The EAT said the two employment tribunals had rightly viewed the issue of detriment in general terms – justification relating to the compulsory retirement policy, not individual examples of its application (para 186, though I suggest the law is more nuanced than that). Despite this, said the EAT, both employment tribunal decisions could stand. The evidence before each tribunal had been different, and the tribunals had not erred in law in reaching the conclusions they did. For example the Physics professor had given evidence of why options to mitigate the forced retirement, such as contributing in an unpaid Emeritus position, were not viable alternatives for someone like him who required access to laboratory facilities and a research team to continue experimental research.
Permission is being sought to appeal to the Court of Appeal.
This was a direct rather than an indirect discrimination claim. I suggest it is relevant to indirect discrimination though because the EAT went on the basis that in this type of case (like with indirect discrimination) it was the retirement policy rather than its individual application that needed to be justified. But it will be seen that the evidence brought by the professor who was more severely impacted swayed his employment tribunal to find in his favour.
Limited relevance to disability
Any “group” approach to assessing objective justification of indirect discrimination is normally not that important in practice in the context of disability – because easier claims will often be available:
A person who stammers is put under an employer’s capability procedure because she does not take her turn at answering the telephone in the office.
On a claim for discrimination arising from disability (s.15), in deciding whether there is objective justification for the employer’s action, the detrimental impact taken into account by the tribunal in its balancing exercise would be the discriminatory effect on this individual, bearing in mind her individual capabilities – including the difficulty she has with the phone.

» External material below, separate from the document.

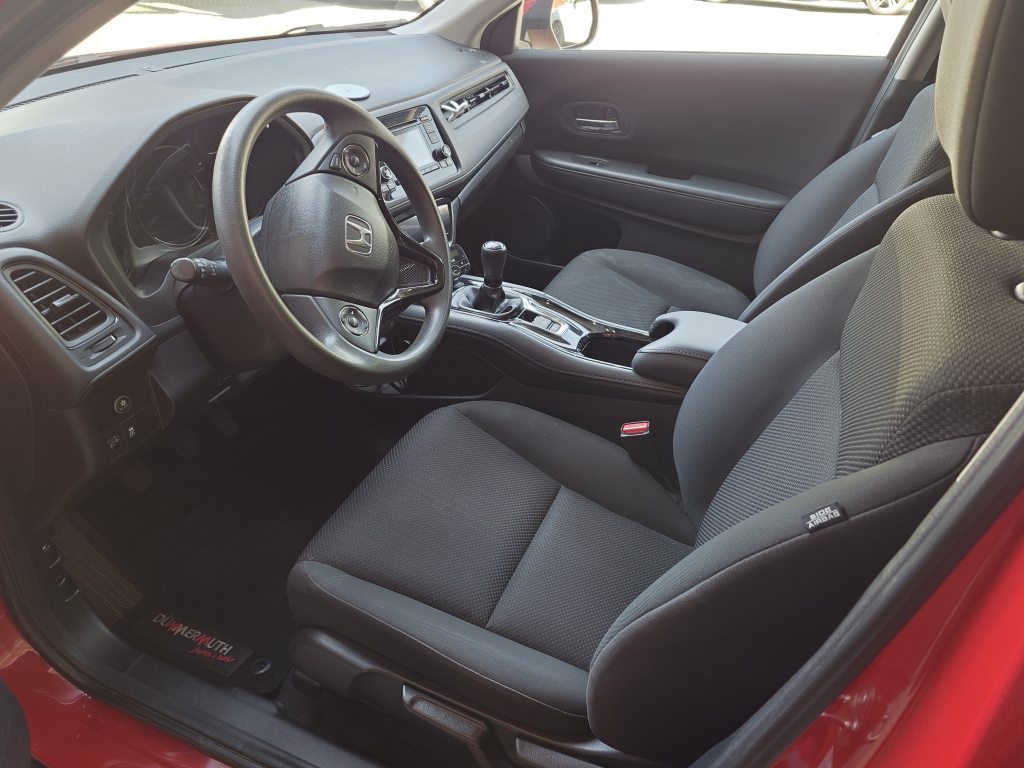 HONDA HR-V 1.5i-VTEC Comfort, Essence, Occasion / Utilisé, Manuelle - 7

Similarly on a claim for reasonable adjustments the tribunal would look at the individual circumstances. (see the Morris case, discussed in Indirect discrimination: Comparison with reasonable adjustment duty).
However, on a claim for indirect discrimination (s.19) the tribunal may perhaps look at the discriminatory effect on people generally who share the same disability (whatever that means) rather than specifically on her.

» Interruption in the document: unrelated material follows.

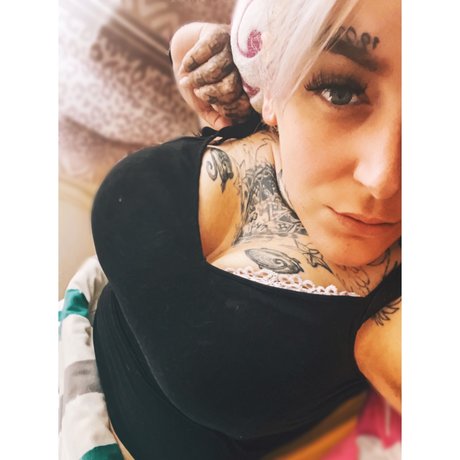 LadyBlood pornostar sexy bild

An exception where any differences in the objective justification defence for indirect discrimination may be more important are the EqA rules on professional and trade qualification bodies, because if one wants to argue that a “qualifications body” should not be applying a particular competence standard, the only type of discrimination claim one can use is indirect discrimination.

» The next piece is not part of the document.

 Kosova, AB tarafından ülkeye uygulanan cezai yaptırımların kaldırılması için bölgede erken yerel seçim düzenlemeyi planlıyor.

As outlined above, indirect discrimination cases often take an “individual” rather than group approach as regards the justification defence. However the “group” aspect is more obvious at the earlier stage of assessing whether the group is put at a particular disadvantage by the provision, criterion or practice (PCP): see Indirect discrimination. This is a precondition for indirect discrimination applying at all, but is not part of the objective justification defence.